For a much more detailed, blow-by-blow account of problems one reader had with the book, see the review at You’re Killing Me. While I, too, would probably take issue with the Bathing Scene of Unexamined Creepiness (I must here recommend this excellent post on the male gaze in writing), the thing mostly under scrutiny in Stormdancer is that it’s inaccurate to Japan and Japanese culture.
Kristoff’s main response to this criticism seems to be a claim that the story actually takes place in a land like Japan, and not actual Japan. Some people are brushing this off, but I think it’s an important point. I strongly believe that people should be able – even encouraged – to write settings that are loosely based on non-European civilizations in the same way that oh so many fantasies take place in settings that are loosely based on European cultures. You shouldn’t be held to the historical facts of a country that your setting is only based on, any more than we should shake our fists at dozens of popular fantasy authors because medieval Europe didn’t really have this term or that animal.

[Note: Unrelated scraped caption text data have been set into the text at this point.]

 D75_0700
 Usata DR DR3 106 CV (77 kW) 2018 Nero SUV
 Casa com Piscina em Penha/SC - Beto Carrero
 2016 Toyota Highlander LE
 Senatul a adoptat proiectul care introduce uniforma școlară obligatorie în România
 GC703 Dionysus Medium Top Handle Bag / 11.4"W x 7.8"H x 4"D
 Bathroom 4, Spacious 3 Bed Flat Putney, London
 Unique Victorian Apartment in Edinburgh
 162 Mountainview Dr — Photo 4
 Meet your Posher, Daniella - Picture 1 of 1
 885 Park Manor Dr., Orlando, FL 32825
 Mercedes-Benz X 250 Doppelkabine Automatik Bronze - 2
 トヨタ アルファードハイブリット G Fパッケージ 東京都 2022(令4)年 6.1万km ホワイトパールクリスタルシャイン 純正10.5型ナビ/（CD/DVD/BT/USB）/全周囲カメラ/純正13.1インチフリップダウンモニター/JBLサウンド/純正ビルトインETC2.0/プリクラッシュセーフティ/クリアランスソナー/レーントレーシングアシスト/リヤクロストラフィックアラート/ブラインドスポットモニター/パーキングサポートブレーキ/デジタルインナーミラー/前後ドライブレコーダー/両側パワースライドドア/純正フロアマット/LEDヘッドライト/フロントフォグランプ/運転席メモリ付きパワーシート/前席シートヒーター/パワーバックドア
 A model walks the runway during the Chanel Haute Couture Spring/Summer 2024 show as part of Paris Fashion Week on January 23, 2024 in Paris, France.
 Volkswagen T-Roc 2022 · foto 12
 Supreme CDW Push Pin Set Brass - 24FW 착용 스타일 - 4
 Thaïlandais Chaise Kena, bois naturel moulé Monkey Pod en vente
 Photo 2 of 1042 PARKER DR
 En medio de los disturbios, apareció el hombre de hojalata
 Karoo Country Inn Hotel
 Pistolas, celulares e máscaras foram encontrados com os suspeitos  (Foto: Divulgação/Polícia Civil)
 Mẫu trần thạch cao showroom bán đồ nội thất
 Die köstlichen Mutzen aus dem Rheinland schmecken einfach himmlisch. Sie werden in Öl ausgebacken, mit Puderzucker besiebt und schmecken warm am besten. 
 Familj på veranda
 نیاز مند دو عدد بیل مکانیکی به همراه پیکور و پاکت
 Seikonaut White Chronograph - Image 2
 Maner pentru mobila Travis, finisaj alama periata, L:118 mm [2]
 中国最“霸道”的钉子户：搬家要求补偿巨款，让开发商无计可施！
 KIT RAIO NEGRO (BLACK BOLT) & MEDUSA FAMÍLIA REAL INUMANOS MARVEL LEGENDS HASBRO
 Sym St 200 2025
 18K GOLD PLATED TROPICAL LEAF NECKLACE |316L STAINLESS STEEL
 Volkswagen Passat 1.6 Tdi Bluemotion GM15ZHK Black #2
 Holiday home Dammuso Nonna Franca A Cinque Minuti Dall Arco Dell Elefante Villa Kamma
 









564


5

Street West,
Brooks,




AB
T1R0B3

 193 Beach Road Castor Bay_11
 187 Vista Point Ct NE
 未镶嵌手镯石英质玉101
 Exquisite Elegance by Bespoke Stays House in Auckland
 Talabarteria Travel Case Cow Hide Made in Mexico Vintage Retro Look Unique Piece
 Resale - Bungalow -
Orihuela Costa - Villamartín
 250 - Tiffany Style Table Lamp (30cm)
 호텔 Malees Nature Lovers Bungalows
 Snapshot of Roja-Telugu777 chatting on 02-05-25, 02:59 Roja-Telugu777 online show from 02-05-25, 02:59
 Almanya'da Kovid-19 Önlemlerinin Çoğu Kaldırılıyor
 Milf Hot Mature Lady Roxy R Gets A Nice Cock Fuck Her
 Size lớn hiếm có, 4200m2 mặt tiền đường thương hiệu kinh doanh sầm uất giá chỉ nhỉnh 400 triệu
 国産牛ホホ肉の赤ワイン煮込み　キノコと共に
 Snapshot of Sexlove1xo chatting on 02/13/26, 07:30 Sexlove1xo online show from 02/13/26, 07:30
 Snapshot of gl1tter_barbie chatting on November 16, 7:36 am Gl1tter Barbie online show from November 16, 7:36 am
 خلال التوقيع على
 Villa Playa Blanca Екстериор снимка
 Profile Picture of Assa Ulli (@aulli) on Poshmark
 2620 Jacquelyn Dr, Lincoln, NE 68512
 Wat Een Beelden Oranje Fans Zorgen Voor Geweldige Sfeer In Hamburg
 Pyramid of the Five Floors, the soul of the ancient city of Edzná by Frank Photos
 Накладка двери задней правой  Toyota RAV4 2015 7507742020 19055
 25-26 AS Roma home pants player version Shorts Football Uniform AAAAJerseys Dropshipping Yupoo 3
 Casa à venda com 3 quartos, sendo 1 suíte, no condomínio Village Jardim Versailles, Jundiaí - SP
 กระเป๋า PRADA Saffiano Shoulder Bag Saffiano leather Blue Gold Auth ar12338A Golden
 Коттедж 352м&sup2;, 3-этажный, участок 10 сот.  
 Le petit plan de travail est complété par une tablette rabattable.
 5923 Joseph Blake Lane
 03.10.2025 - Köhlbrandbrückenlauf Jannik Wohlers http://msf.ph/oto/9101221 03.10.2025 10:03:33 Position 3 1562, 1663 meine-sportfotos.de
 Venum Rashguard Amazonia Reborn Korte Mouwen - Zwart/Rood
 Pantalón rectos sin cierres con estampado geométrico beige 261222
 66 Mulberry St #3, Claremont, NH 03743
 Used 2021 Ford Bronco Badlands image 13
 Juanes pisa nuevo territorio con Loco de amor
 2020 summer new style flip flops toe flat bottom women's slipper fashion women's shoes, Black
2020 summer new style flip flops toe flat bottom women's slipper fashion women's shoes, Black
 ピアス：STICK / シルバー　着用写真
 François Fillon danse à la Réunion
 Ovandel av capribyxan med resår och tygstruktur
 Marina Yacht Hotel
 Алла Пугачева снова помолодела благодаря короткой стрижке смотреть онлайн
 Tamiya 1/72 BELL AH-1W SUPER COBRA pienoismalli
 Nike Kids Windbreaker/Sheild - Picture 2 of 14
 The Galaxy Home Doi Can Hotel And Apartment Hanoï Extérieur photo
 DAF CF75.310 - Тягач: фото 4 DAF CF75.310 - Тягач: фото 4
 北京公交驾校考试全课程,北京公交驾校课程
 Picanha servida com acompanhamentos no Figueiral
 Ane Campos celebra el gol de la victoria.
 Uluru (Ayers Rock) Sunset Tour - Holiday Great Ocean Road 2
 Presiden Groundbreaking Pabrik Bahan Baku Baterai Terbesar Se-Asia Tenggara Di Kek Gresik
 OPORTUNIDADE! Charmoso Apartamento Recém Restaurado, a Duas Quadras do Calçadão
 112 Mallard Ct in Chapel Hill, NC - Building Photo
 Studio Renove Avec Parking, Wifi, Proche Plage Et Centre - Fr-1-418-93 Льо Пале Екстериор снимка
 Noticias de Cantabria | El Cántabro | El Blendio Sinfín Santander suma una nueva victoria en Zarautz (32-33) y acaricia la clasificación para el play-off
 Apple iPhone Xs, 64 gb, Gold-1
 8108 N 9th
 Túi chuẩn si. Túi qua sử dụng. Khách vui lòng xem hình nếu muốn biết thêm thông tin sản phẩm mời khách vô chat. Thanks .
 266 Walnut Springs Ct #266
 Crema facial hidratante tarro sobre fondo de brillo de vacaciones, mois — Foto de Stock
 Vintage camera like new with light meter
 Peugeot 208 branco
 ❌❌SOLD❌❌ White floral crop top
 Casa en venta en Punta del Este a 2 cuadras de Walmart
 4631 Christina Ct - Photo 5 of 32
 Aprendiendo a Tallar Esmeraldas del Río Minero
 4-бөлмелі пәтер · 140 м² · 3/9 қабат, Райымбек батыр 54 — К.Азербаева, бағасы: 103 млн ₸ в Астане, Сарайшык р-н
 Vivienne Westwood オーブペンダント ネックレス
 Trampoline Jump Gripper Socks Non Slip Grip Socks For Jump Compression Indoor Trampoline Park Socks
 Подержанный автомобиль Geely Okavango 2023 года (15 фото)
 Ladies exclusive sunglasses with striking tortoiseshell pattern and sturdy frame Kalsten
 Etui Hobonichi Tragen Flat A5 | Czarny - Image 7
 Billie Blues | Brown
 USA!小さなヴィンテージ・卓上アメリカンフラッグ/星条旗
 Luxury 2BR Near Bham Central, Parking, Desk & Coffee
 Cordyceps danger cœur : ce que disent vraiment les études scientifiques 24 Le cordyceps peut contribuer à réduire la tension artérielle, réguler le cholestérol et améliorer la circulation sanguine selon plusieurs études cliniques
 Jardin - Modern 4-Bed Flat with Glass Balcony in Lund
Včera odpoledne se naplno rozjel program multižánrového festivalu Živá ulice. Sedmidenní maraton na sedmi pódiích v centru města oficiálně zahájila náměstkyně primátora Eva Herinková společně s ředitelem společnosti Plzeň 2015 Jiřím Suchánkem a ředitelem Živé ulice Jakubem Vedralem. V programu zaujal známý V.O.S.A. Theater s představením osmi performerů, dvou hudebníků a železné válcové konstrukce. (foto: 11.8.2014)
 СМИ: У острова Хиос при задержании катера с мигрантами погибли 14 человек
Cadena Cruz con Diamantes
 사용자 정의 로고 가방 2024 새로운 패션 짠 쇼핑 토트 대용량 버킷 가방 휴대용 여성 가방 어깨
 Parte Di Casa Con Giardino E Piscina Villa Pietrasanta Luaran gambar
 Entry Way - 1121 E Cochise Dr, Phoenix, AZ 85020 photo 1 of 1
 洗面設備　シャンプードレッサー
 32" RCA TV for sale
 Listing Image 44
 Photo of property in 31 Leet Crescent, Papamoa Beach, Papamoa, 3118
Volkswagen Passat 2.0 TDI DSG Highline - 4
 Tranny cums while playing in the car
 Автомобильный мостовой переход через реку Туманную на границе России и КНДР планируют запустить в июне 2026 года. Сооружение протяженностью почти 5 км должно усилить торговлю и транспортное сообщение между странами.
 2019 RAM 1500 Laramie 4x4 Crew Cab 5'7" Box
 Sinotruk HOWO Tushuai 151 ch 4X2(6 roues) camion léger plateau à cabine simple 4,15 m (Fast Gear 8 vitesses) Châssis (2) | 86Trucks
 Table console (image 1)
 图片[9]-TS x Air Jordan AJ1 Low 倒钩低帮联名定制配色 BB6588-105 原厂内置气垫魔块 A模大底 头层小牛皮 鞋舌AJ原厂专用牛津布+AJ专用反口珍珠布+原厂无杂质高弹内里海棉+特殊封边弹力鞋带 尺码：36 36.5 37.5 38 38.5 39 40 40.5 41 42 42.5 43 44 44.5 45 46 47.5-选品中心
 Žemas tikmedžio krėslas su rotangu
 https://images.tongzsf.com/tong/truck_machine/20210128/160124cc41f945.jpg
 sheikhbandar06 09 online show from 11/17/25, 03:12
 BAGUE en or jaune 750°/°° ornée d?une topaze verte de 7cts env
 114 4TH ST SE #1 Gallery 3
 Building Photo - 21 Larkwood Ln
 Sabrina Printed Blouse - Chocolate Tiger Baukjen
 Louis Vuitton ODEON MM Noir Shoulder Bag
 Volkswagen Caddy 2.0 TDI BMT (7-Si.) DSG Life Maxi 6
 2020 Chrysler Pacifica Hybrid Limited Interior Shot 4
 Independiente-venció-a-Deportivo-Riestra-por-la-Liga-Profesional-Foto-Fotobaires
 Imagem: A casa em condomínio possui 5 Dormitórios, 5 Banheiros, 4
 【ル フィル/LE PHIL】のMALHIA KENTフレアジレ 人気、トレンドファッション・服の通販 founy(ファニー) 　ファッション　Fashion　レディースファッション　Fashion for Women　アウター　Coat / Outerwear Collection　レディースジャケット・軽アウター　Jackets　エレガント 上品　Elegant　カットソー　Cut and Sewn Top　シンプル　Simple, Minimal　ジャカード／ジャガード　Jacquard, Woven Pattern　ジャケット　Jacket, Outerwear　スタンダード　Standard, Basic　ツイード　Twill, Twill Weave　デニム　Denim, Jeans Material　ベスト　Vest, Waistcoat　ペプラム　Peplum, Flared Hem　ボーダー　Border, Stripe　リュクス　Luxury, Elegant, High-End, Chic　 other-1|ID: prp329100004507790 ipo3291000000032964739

I wrote myself awhile ago about coming up with another name for garments my characters were wearing that are close to saris in part because I didn’t want people assuming my setting was India when it isn’t; a similar concern is expressed by blogger Linda in this excellent post on her desire to write fantasy with Asian characters that isn’t set in Asia. (Yes, technically, one is only Asian if one comes from Asia. What she means is that she wants to write characters who, if they were in our world, would be considered to look Asian, in the same way that legions of blonde and blue-eyed fantasy heroes and heroines would look recognizably Caucasian, despite the fact that their fantasy worlds presumably have no Caucasus regions.)
BUT. The blurb right on the front cover of Stormdancer refers to the novel as “Japanese,” and Kristoff doesn’t correct it. There is, apparently, very frequent use of Japanese terms – the book actually includes a glossary. Curiously, some of the terms, like -sama and hai, are used incorrectly throughout the book but have their correct uses described in the glossary. This does rather support Kristoff’s claim that he has fudged and changed things a la George R. R. Martin, who bases his famous A Song of Ice and Fire fantasy series loosely on England during the War of the Roses, but changes spellings (“sir” to “ser,” for example).
Still, the impression I get is that Kristoff has crossed the line into appropriation territory. (For a good article on the location of this line, see the Zoe-Trope.)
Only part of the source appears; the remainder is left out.